A Study on Hyperparameter Tuning of Twin Support Vector Regression Based on Bayesian Optimization
DOI:
https://doi.org/10.54097/8p56d128Keywords:
Twin Support Vector Regression, Bayesian Optimization, Hyperparameter Tuning, Regression.Abstract
This study addresses the challenge of optimizing the predictive performance of Twin Support Vector Regression (TSVR) models on complex datasets by employing Bayesian Optimization (BO) for automatic hyperparameter tuning.
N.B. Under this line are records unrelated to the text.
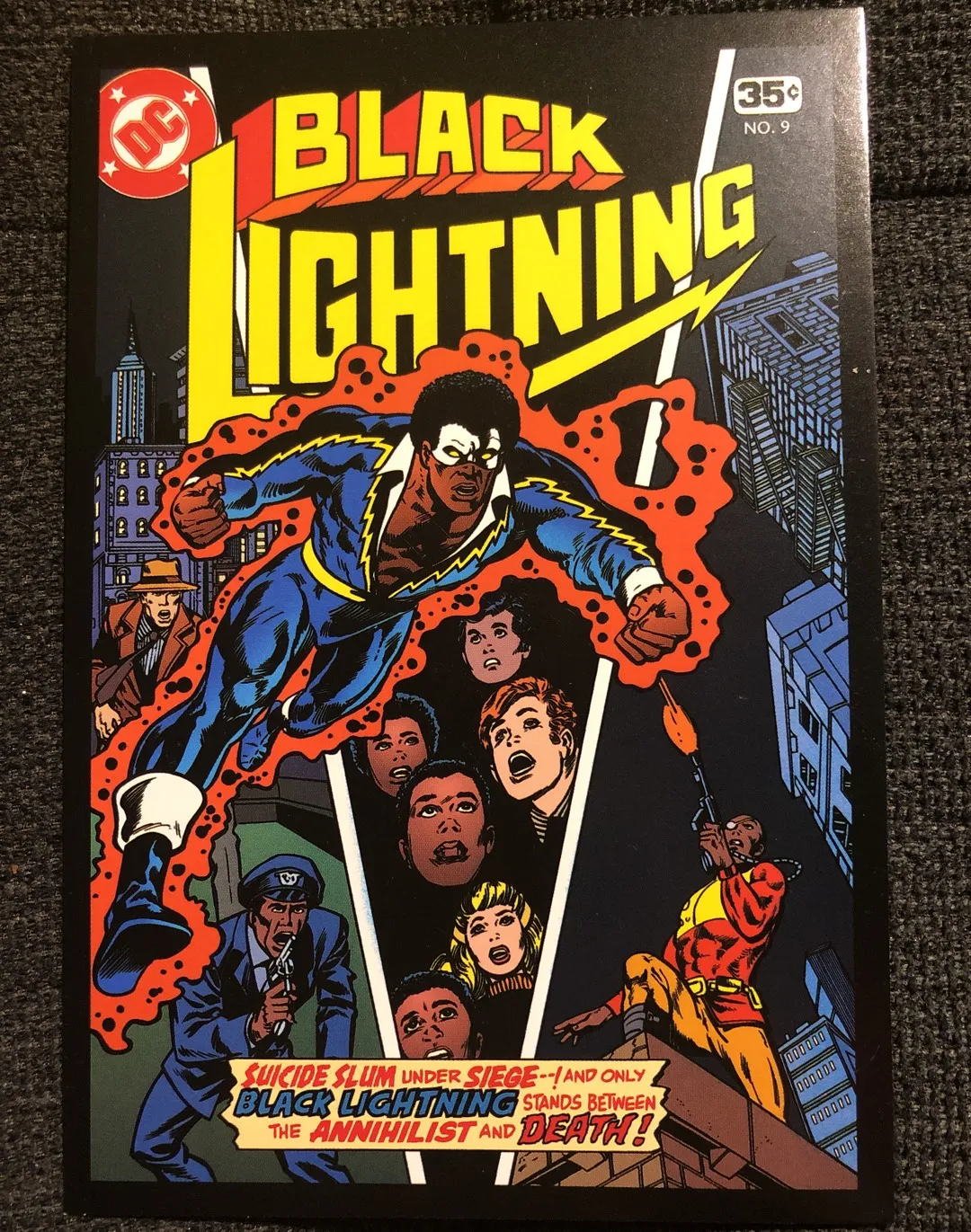 Black Lightning Postcard photo 1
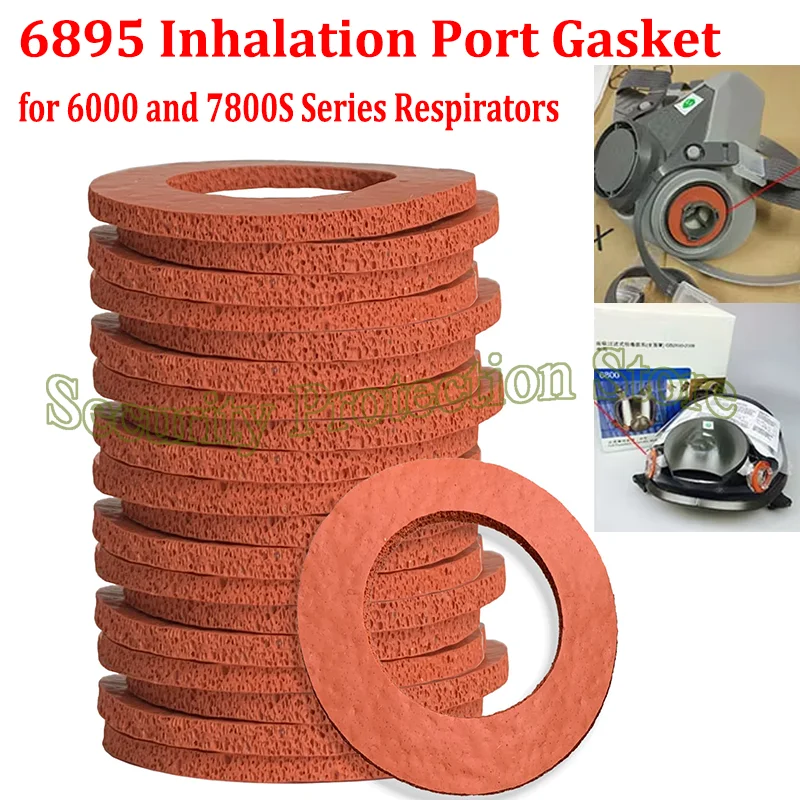 5-10pcs 6889 6895 6893 Inhale Valves Exhale Valves Silica Gel 6200 Mask Accessories Replace For 6200/7502/6800 Respirator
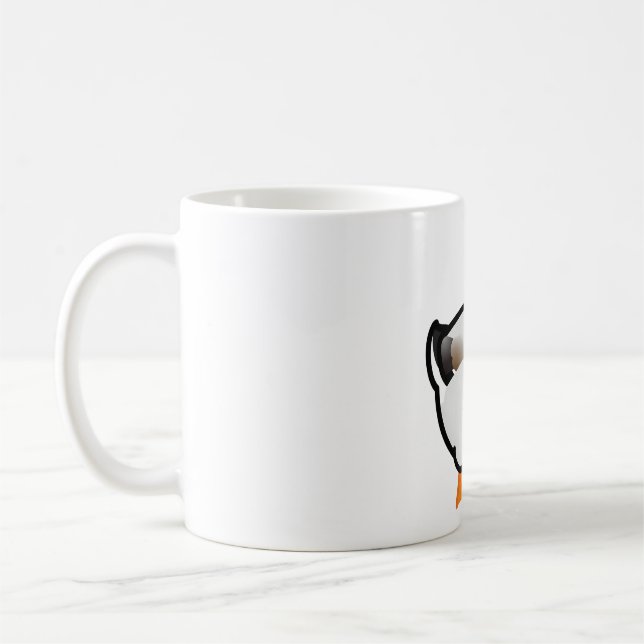 Taza De Café Chubby Mallard Duck (Izquierda)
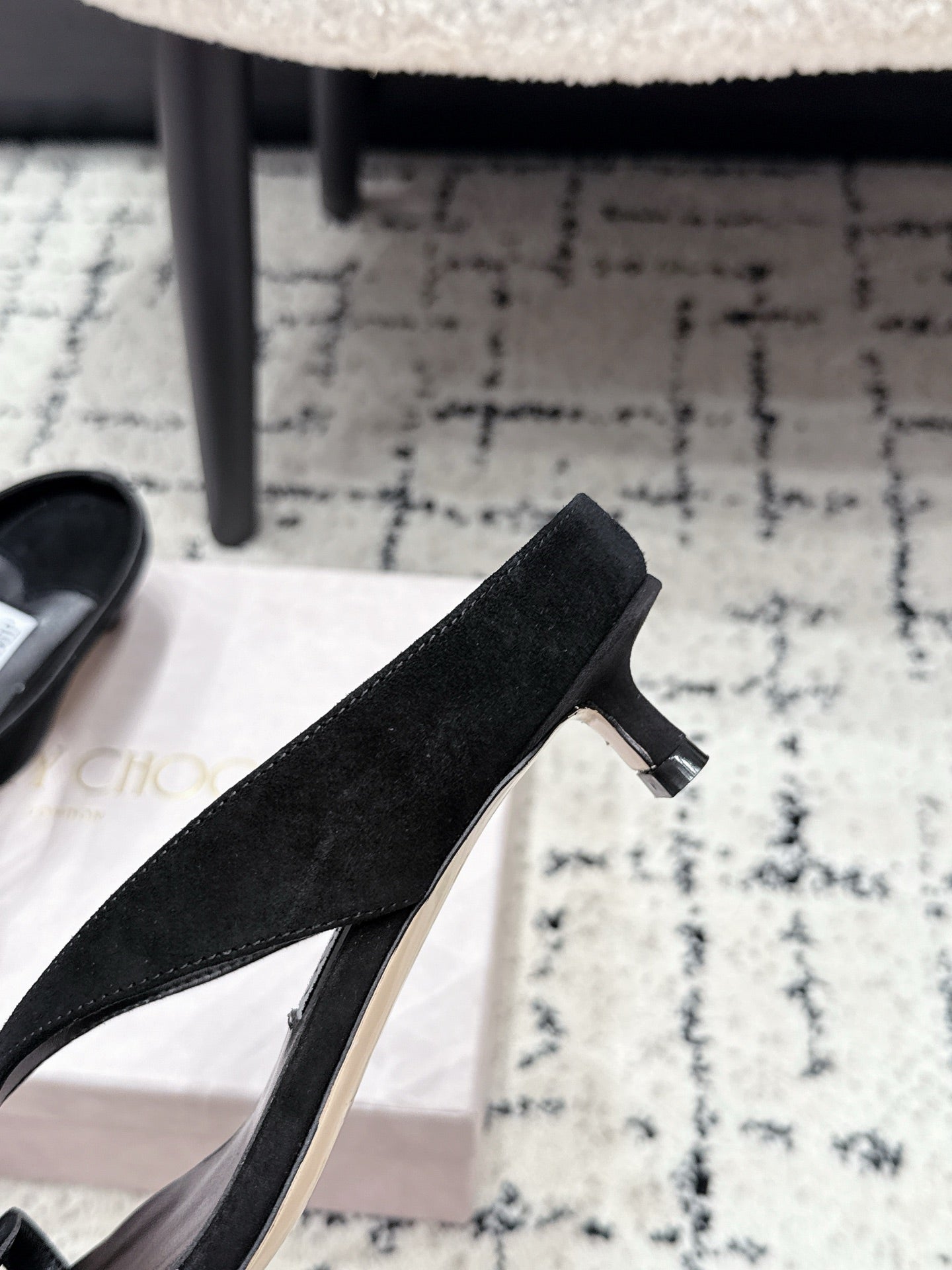 JC Emeri 35mm Sandals Black Suede 880816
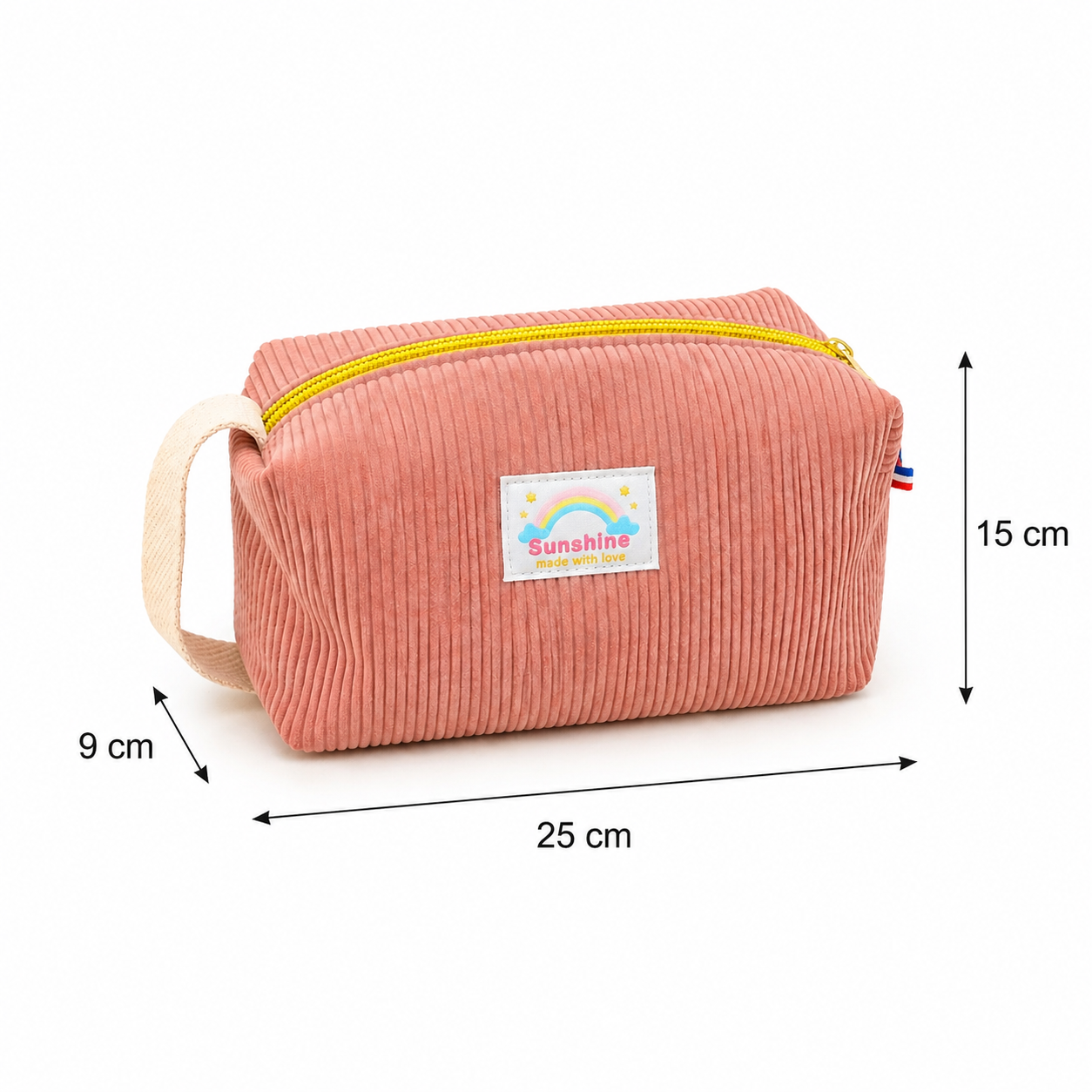 La pochette sunshine corail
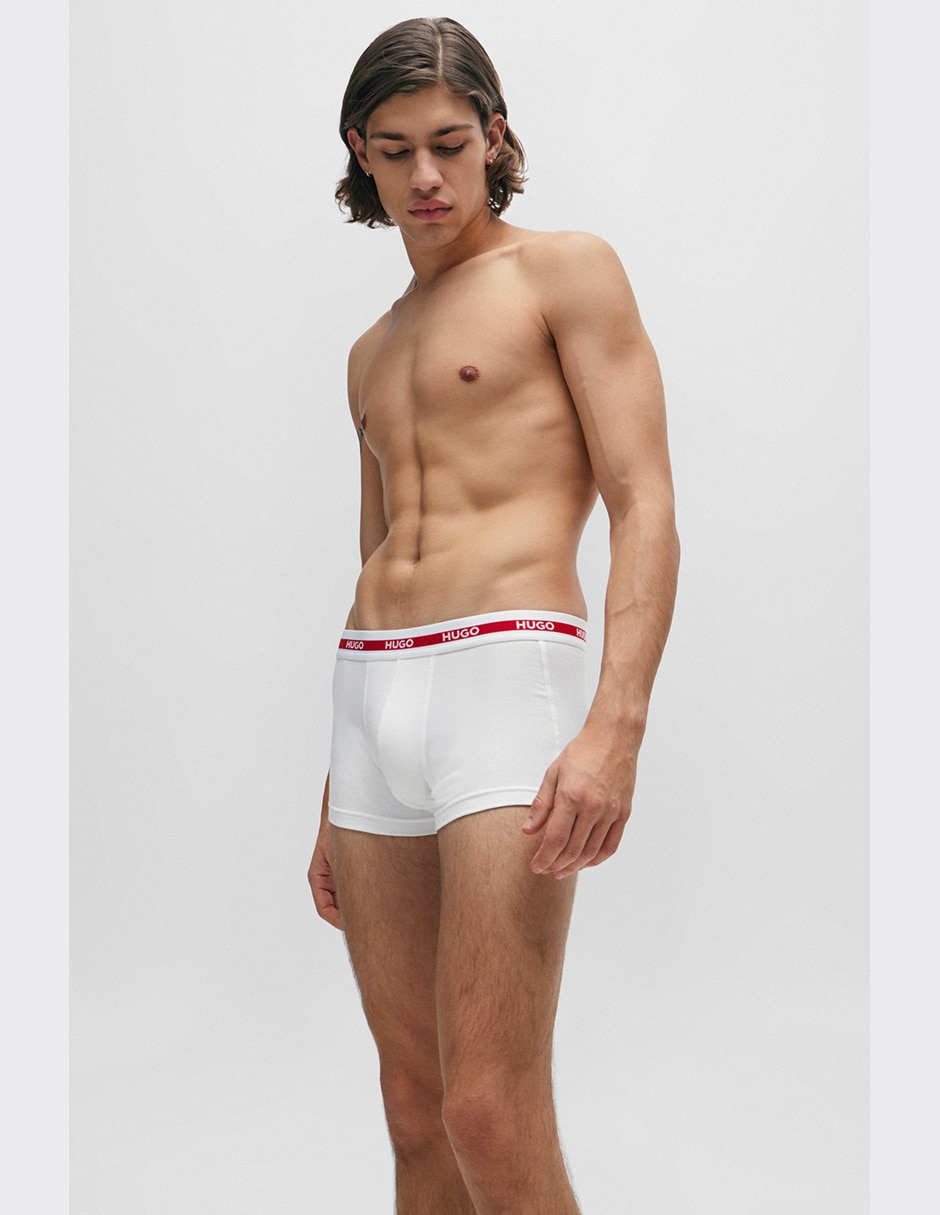 Set bóxer trunk hugo de algodón para hombre 3 piezas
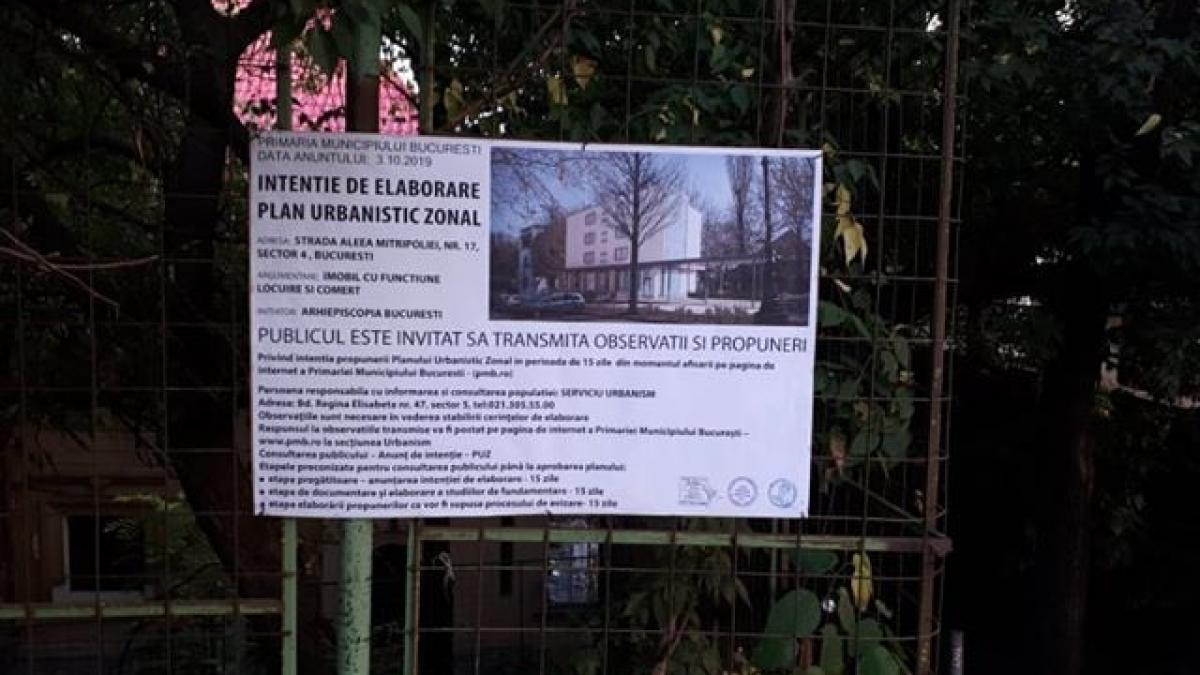 arhiepiscopia bucurestilor vrea sa ridice un bloc de trei etaje pe dealul patriarhiei un ong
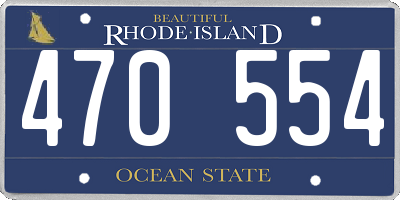 RI license plate 470554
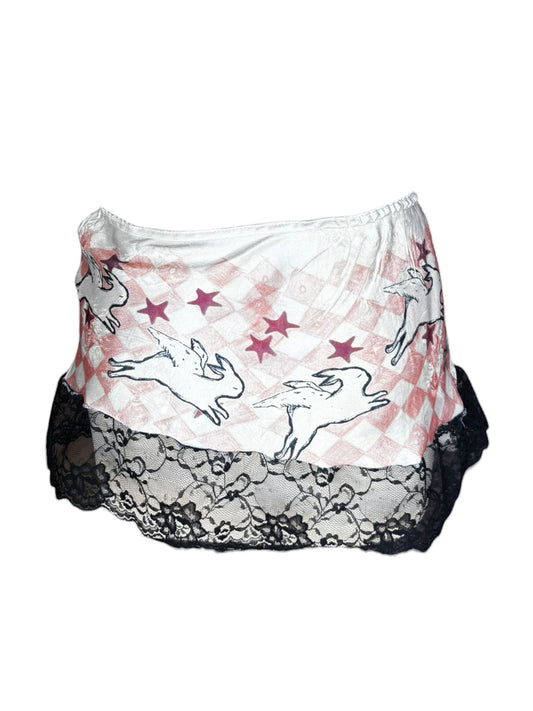 Hare's Delight Mini Skirt - L - 0.8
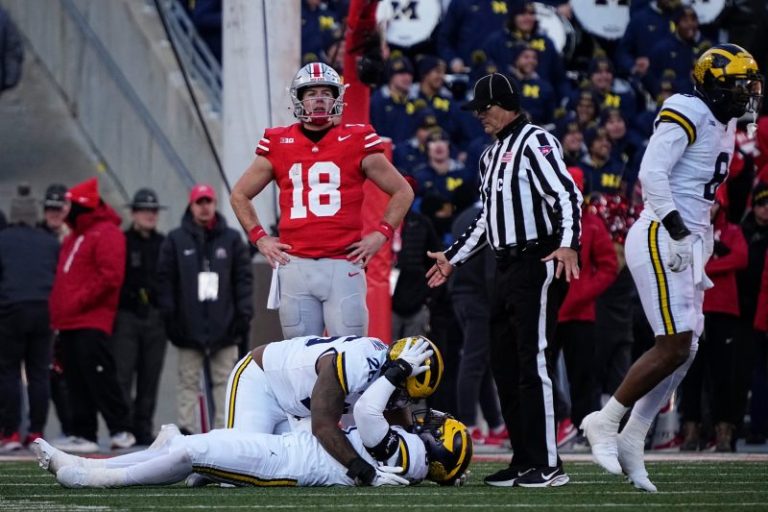 Would Ohio State trade Michigan loss for national title? It’s complicated
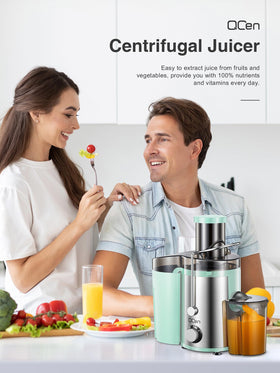 QCen juicer detachable parts for simple cleaning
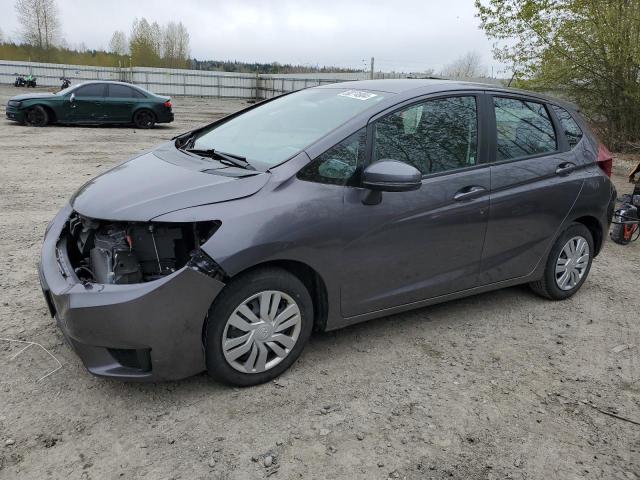 3HGGK5G57HM701376 - 2017 HONDA FIT LX GRAY photo 1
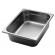 -Contenitori inox gastronorm 1/2 H. 10 cm - Capacità  litri 8 - Dimensioni cm 32.5 x 26.5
As an enhanced variant of Support Vector Regression (SVR), TSVR achieves significantly greater computational efficiency by solving two smaller-scale quadratic programming problems. Within the Bayesian optimization framework, the construction of a posterior probability model enables efficient exploration of the hyperparameter space, thereby overcoming the inefficiency limitations of traditional methods. Experimental validation demonstrates that the BO-optimized TSVR model achieves significant reductions in Mean Squared Error (MSE) across multiple synthetic datasets, while simultaneously exhibiting superior predictive accuracy and generalization capability. The significance of this research lies not only in its improvement of TSVR model performance but also in its provision of a novel approach for hyperparameter optimization in machine learning, possessing substantial theoretical and practical merit.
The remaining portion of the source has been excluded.